智也から送られてきたのはおおまかなコード進行の流れのみ。言ってしまえば、楽曲の設計図だ。どちらが先かは人それぞれであろうが、メロディやそれぞれのパートの譜どころか、曲のキーの設定もその曲のテンポすら決まっていない。

 そこまで行くと、正直、まだ俺にできる気がしない。それも、智也が満足のいくレベルに達しなければならないと思えば、まだまだ俺が一つの曲を一人で完成させるなんて、まずできると思えない。確かに、彼らに対する俺の所業を考えれば、再結成してくれる条件を出してくれただけでも破格なのは間違いないのだが……。まずはどこから手を出せばいいんだ。

「おーい、高峰」

 俺らがバンド活動を休止するまでに作った曲を参考にするか?

 いや、それがだめだと智也が思っているから、おそらくこの曲は完成しなかったのだ……。そうだと思えば、俺がこれまでのバンドの曲を参考にしたところで似た様な曲しか作れないに決まっている。

 素人の浅知恵だ。結局は、俺は曲作りに関してはほぼ素人も同然なのだ。

「おーい、無視するなー」

 どうしたものか。俺には特にいい案が思いつかない。

 確かに、コード進行さえ出来ていればキーとテンポが決まれば、一つの曲が出来たといえなくもない。しかし、その曲を形作るものはそれだけではない。

 メロディもそうだが、それがボーカルという楽器として捉えれば、一番その楽曲を特徴づけるのは各パートがどんな演奏をするか、という話に収束する。

 例えば、『誰のためでもないラブソング』はカノン調の曲だ。

 カノン調のコード進行を持つ曲は驚くほどありふれている。
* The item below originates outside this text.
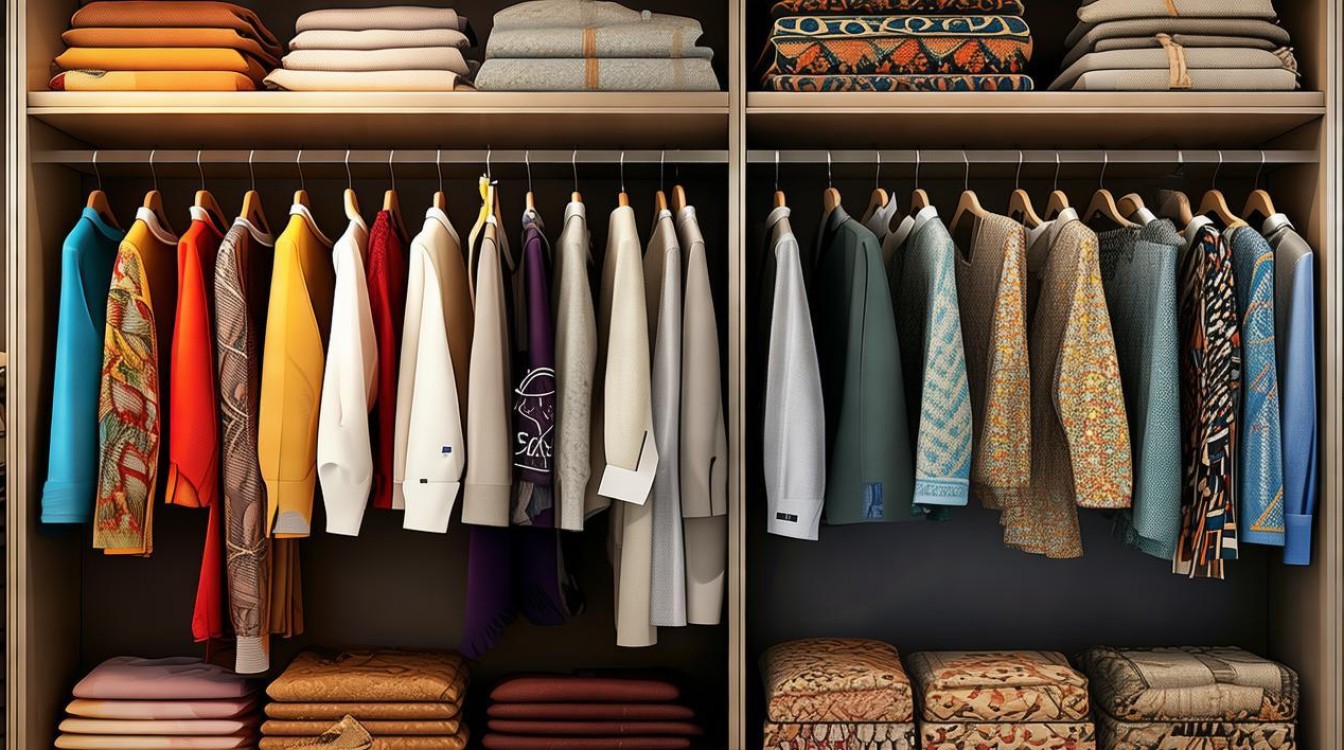 What Are the Essential English Words for a Beautiful Wardrobe?-图3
アイドルの曲から流行りのポップ、ロック、音楽の教科書に乗っているような有名な曲まで様々な曲に使われている。

 カノンコードの進行にそのメロディを乗せて歌えば、その曲になるだろう。

 すなわち、同じコード進行でも印象が違うのはメロディ、ドラム、ベース、ギター、それぞれの音が決まって初めてそれが一つの個性を持った歌になるからだ。
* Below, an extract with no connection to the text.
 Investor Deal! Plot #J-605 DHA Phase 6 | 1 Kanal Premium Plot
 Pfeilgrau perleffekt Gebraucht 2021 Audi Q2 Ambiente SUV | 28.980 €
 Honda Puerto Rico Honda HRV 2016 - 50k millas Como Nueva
 こんなのをほぼ一人でやっていたと思えば、智也の音楽的な才能を痛感してしまう。言ってしまえば、俺はただの歌が上手い人でしかないのだ。

「おーい、ミッドナイトサン」

 俺がそうやって思い悩んでいるのを邪魔する奴がいるらしい。

誰だ、今更俺のことをミッドナイトサンとか言うやつは……。

 なんて、犯人はわかっている。

「あゆみ、もうそれは鮮度も落ちた、つまらんぞ」

「せっかく、ふぉうちゅんに来たのに、なにボーっとしてるんだよ」

「せっかく来たもくそも、お前がいきなりここに呼び出したんだろ、一体何のためかは知らないが」

 俺はしっかりと智也に出された課題を考え、結論を出したいというのに、呑気にもあゆみのやつからの突然の誘いを断らず、俺にとってのとてつもなく居にくい場所であるふぉうちゅんはぁとという屋号のメイド喫茶にいた。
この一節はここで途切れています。